Camila Schiappacasse


Chaco lloraba y la familia Gómez se destrozaba. Ninguno de los nueve hermanos se imaginaba que iba a ser la última vez que veían a Eduardo. Lo acompañaron hasta el colectivo en una volanta, un carro hecho de madera tirado con cuatro caballos y él, como un San Martín cualquiera, se montaba en su caballo blanco, su compañero que moriría de tristeza unos meses después de su partida. Se despidió, y sería la última vez que cruzarían mirada con su hermana Norma, quien siempre se había refugiado en su protección, en su humildad, en él. 

Quizás, los humanos tengan un sexto sentido, y fue por eso que la abuela de los Gómez colgó un crucifijo cuando Eduardo partió para Malvinas y lloró un día entero sin saber el motivo de su angustia. 

Etelvina Gómez, la madre del caído, fue una de las primeras en tocar la puerta de organismos de derechos humanos y de gobierno para lograr lo que hasta la semana pasada parecía imposible: la identificación de 90 soldados que solamente “eran conocidos por Dios”. Lamentablemente, Etelvina falleció antes de poder ver la tumba de su hijo. “Ella hubiera estado feliz, se hubiera sentido aliviada”, contó Norma, su hija, quien sí pudo ir junto con su hermano Guillermo a ver los restos de Eduardo el pasado lunes. 

Las Islas están teñidas de sentimientos y de historias que callaron ese 2 de abril de 1982. Con bronca, indignación, aceptación y en silencio, Norma lo describe como “un suelo con muchas preguntas sin respuesta”. Esta vez, sin embargo, había otros sentimientos ocultos.

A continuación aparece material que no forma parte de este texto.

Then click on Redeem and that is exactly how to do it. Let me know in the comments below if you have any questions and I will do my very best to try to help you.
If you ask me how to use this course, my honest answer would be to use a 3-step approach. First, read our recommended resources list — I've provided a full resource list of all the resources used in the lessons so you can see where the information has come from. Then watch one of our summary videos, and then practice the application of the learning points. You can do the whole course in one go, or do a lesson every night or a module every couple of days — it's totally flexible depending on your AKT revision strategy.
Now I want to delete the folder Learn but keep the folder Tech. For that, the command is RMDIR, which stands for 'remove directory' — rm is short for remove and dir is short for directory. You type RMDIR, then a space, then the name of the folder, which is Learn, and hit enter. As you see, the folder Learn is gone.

El piso de Malvinas nunca se sintió tan cálido. El sufrimiento y la incertidumbre acumulada por años empezaba a resquebrajarse a medida que los familiares se acercaban al cementerio Darwin. Así, 36 años se frenaron para Norma al verse arrodillada frente a una simple placa con el nombre de su hermano.

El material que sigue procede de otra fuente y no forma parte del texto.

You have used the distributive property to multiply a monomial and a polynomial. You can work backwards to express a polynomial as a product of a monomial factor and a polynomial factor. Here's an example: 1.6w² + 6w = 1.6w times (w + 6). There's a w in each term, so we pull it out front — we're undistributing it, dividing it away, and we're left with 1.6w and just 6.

Los recuerdos de una infancia sin mucho pero con tanto a la vez se le vinieron a la mente como una catarata. Recuerda el calor de la espalda de Eduardo cuando la llevaba 5 kilómetros “a cococho” a la escuela en días de lluvia porque no tenían bicicletas. Lo ve sentado en la galería de quebracho de su casa rodeado de amigos, como sostén de la familia y trabajando de sol a sol. También fotografía en su mente las idas al monte con todos sus hermanos a cazar “animalitos” y a juntarle cardenales a su abuela. 

A Norma se le corta la voz y vuelve ese nudo en la garganta que tiene incorporado hace ya mucho tiempo: “No sé qué más decirte, me invade la emoción y no puedo seguir hablando. Era especial”. No pudo concentrarse en todos los familiares de los caídos y en sus reacciones, el mundo pareció frenarse entre la cruz y ella. Una mezcla de alivio y de paz la envolvió por completo hablándole en silencio a Eduardo en una charla íntima que se la debía desde el día que partió de su Chaco natal. 

Norma tiene colgada en su casa la foto de su hermano junto con una paloma de bronce como símbolo de la libertad de su hermano pese a la opresión de sus últimos días.

“Era simplemente un niño, lo despojaron del vientre de mi mamá”, dice, sin entender todavía el motivo de su partida. Hubiera querido que las mañanas en que la ayudaba a cambiarse para ir a la escuela o que las tardes en las que se sentaba con ella a hacer la tarea hubieran durado más. Hubiera querido verlo junto a ella en todos los caminos de la vida. 

Norma asegura que la partida de Eduardo “es un duelo sin fin” ya que, a diferencia de sus otros hermanos fallecidos, no pudo verlo ni siquiera en sus últimos días. Sueña todavía con el día en que “le dé sobrinos”, con sentarse a comer torta fritas con mate y algo tan simple como envejecer juntos viendo la chacra y el suelo chaqueño que los vio nacer. Con un poco más de alivio pero con la misma tristeza de siempre, una parte de su alma se rompe de nuevo al decir que Eduardo, su hermano, arrebatado en una guerra infame y sin sentido, era “su todo”.